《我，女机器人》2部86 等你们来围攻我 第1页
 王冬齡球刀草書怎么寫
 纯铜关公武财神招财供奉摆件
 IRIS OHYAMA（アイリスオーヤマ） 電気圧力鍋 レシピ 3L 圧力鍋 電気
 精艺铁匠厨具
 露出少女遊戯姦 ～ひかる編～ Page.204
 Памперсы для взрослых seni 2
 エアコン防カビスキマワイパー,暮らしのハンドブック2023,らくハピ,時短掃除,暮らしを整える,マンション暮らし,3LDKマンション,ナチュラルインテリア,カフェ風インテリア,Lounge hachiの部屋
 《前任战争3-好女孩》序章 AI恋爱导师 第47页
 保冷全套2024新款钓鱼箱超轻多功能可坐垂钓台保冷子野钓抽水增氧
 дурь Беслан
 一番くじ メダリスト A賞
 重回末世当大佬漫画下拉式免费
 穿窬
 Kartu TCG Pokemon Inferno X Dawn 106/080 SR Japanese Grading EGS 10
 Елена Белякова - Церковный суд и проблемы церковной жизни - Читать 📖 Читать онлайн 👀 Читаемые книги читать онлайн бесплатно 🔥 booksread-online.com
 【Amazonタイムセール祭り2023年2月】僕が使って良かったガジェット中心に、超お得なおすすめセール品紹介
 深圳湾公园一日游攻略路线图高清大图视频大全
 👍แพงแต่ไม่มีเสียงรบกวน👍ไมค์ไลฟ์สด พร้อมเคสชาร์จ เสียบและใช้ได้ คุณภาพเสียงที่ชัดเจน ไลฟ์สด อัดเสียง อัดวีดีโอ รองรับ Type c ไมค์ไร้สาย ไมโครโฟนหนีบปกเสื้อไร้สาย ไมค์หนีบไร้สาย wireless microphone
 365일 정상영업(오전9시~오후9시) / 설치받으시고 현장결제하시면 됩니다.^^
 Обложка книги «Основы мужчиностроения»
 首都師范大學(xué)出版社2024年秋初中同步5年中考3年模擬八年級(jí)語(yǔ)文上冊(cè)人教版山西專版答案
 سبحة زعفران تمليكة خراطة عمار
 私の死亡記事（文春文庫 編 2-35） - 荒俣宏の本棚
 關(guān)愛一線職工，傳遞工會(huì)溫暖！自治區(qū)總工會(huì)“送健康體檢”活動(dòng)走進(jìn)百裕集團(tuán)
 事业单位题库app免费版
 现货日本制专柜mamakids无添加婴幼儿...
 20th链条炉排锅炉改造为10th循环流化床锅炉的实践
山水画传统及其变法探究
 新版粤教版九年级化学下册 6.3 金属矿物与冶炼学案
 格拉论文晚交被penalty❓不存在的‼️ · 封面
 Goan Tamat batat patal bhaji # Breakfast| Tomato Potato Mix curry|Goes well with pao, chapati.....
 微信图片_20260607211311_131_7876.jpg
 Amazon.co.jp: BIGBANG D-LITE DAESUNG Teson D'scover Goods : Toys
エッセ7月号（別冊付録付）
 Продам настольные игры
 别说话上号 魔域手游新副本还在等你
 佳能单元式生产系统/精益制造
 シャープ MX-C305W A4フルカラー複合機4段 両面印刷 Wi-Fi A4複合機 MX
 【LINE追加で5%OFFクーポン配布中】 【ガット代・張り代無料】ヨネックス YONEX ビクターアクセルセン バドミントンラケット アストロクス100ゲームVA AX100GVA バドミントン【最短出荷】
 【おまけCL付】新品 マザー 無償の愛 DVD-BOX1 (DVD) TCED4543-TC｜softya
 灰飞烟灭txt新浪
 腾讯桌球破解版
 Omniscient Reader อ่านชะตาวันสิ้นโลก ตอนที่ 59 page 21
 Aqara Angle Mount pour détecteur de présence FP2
***
--- What is needed ---
Go to the line holding "Omniscient Reader อ่านชะตาวันสิ้นโลก" in the entries above and return it, along with every line after it, exactly as written.

--- Exercise answer ---
 Omniscient Reader อ่านชะตาวันสิ้นโลก ตอนที่ 59 page 21
 Aqara Angle Mount pour détecteur de présence FP2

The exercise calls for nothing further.